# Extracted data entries
[Start of Attachment]

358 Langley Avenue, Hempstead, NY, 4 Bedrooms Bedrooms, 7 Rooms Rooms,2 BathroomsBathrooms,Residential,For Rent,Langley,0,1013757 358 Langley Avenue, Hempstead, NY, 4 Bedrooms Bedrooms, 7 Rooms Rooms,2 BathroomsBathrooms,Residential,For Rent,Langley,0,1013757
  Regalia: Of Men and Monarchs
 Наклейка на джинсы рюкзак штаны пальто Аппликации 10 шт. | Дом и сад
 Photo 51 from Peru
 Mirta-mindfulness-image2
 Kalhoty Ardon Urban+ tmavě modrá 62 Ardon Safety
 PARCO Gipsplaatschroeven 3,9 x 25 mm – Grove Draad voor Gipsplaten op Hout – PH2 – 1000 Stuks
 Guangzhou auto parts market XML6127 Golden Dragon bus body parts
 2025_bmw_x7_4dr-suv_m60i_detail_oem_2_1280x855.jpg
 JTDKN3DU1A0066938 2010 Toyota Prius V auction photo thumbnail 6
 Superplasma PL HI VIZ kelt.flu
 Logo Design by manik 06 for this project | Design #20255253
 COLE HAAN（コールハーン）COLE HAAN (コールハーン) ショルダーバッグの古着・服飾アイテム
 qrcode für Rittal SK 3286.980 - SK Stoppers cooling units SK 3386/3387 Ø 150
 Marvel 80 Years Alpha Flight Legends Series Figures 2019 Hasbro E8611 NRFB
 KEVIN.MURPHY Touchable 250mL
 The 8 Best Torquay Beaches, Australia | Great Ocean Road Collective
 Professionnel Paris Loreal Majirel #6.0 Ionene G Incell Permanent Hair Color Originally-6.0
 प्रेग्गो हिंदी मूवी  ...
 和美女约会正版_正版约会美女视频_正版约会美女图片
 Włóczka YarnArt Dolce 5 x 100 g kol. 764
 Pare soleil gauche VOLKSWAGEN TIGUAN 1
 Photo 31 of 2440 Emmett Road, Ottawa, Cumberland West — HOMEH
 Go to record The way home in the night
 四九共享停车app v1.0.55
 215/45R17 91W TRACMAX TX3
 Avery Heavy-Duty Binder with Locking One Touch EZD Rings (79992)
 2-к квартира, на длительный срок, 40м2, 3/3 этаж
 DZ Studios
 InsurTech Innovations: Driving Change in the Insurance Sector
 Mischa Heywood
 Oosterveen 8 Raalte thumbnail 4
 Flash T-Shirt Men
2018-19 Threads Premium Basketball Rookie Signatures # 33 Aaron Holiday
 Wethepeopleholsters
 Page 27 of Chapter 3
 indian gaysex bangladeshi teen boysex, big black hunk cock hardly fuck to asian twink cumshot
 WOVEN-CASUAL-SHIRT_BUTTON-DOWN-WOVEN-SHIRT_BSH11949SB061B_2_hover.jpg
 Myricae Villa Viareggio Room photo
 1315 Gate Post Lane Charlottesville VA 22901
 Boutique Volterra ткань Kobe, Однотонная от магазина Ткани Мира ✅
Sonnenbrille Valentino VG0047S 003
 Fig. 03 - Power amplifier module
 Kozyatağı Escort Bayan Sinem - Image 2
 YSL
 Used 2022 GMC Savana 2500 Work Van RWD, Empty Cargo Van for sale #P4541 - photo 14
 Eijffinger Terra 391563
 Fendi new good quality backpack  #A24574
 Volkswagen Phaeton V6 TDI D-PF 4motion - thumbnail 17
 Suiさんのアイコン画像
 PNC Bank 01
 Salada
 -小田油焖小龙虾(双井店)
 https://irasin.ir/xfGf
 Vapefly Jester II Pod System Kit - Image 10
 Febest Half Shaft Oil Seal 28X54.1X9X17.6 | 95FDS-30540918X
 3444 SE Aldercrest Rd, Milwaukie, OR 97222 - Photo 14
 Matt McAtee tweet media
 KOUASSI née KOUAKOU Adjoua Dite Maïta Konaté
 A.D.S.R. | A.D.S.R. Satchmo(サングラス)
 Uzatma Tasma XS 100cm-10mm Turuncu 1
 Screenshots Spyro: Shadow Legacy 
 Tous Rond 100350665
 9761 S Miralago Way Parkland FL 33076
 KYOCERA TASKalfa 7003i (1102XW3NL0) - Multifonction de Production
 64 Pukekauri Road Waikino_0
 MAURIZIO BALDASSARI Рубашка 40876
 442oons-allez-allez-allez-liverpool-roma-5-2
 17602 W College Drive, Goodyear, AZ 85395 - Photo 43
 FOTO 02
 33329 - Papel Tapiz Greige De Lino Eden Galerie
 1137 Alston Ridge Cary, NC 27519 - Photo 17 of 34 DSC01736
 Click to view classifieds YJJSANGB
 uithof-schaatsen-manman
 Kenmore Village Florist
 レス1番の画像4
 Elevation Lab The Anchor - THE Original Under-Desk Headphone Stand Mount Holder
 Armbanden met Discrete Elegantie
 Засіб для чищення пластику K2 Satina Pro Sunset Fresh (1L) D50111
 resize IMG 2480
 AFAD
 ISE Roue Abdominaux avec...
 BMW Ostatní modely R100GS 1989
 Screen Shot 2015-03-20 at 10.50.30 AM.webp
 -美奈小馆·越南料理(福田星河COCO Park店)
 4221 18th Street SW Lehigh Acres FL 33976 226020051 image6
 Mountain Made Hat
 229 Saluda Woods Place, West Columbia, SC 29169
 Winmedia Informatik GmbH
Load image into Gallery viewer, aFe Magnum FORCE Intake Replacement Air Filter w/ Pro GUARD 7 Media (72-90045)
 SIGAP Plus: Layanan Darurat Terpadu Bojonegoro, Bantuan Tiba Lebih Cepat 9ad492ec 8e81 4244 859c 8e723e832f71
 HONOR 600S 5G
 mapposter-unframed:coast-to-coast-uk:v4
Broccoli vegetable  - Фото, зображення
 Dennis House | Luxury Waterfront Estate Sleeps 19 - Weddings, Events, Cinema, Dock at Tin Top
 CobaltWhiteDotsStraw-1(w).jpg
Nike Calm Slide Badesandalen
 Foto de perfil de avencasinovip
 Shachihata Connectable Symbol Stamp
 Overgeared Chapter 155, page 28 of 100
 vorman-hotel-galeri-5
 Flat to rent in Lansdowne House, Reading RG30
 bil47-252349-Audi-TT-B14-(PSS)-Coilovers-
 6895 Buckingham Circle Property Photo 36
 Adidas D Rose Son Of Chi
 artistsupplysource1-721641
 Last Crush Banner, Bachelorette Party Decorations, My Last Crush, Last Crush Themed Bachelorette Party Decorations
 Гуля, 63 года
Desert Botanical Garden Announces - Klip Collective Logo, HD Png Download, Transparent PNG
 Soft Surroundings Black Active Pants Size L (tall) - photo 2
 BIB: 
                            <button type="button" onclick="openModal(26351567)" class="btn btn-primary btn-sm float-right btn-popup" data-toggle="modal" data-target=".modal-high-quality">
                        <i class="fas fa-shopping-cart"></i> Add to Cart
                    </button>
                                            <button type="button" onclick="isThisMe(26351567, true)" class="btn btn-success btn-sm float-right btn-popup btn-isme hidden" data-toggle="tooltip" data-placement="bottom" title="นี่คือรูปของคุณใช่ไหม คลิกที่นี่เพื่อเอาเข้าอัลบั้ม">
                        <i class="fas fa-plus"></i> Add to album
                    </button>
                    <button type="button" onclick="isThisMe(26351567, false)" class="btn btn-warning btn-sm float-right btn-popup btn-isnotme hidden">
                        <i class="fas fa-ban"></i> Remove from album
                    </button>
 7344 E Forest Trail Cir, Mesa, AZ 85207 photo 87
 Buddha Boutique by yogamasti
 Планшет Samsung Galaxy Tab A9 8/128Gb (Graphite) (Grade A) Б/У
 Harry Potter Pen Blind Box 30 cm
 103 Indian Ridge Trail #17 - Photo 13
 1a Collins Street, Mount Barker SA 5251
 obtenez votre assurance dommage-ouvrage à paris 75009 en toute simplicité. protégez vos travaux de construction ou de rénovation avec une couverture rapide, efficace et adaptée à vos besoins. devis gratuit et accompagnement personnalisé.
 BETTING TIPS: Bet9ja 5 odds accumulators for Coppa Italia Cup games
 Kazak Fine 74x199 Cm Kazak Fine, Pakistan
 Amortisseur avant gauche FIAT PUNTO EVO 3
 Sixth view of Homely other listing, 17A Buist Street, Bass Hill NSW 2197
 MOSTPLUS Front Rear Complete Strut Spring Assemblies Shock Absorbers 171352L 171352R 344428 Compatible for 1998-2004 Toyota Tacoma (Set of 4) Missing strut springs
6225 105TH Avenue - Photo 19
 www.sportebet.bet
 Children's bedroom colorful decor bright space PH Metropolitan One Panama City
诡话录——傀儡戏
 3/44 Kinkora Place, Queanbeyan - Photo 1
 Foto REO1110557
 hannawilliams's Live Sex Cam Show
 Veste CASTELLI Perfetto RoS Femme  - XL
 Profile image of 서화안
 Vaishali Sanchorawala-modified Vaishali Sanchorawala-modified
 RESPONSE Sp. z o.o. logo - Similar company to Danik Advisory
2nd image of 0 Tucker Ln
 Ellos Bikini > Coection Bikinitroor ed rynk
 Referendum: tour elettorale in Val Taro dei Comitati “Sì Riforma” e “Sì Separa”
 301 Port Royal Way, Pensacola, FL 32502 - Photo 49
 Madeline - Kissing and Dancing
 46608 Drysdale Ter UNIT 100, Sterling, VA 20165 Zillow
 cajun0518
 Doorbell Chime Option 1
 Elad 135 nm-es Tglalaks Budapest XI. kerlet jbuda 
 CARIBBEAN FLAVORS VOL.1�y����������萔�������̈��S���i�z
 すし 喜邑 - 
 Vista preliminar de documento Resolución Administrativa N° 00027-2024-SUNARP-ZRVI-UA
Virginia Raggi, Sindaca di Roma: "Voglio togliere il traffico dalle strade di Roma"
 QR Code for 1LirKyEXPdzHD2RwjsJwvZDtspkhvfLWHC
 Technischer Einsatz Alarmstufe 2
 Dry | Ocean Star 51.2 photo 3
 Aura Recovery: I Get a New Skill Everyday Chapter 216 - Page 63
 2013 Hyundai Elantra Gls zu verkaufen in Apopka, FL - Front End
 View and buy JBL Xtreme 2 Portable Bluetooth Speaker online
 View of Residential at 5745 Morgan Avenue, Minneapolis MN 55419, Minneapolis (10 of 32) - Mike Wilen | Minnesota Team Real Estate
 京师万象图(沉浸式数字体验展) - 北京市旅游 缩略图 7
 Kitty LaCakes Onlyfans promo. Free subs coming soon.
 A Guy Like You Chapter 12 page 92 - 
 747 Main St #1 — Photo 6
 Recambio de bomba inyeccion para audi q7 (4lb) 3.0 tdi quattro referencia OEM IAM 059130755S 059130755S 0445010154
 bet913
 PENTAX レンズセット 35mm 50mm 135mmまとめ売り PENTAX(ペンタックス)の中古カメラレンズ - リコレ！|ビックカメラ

[End of Attachment]

# Aim of the exercise
Give back exactly the lines from the beginning of the records through the line containing "PARCO Gipsplaatschroeven 3,9", and only those.

# Exercise answer
358 Langley Avenue, Hempstead, NY, 4 Bedrooms Bedrooms, 7 Rooms Rooms,2 BathroomsBathrooms,Residential,For Rent,Langley,0,1013757 358 Langley Avenue, Hempstead, NY, 4 Bedrooms Bedrooms, 7 Rooms Rooms,2 BathroomsBathrooms,Residential,For Rent,Langley,0,1013757
  Regalia: Of Men and Monarchs
 Наклейка на джинсы рюкзак штаны пальто Аппликации 10 шт. | Дом и сад
 Photo 51 from Peru
 Mirta-mindfulness-image2
 Kalhoty Ardon Urban+ tmavě modrá 62 Ardon Safety
 PARCO Gipsplaatschroeven 3,9 x 25 mm – Grove Draad voor Gipsplaten op Hout – PH2 – 1000 Stuks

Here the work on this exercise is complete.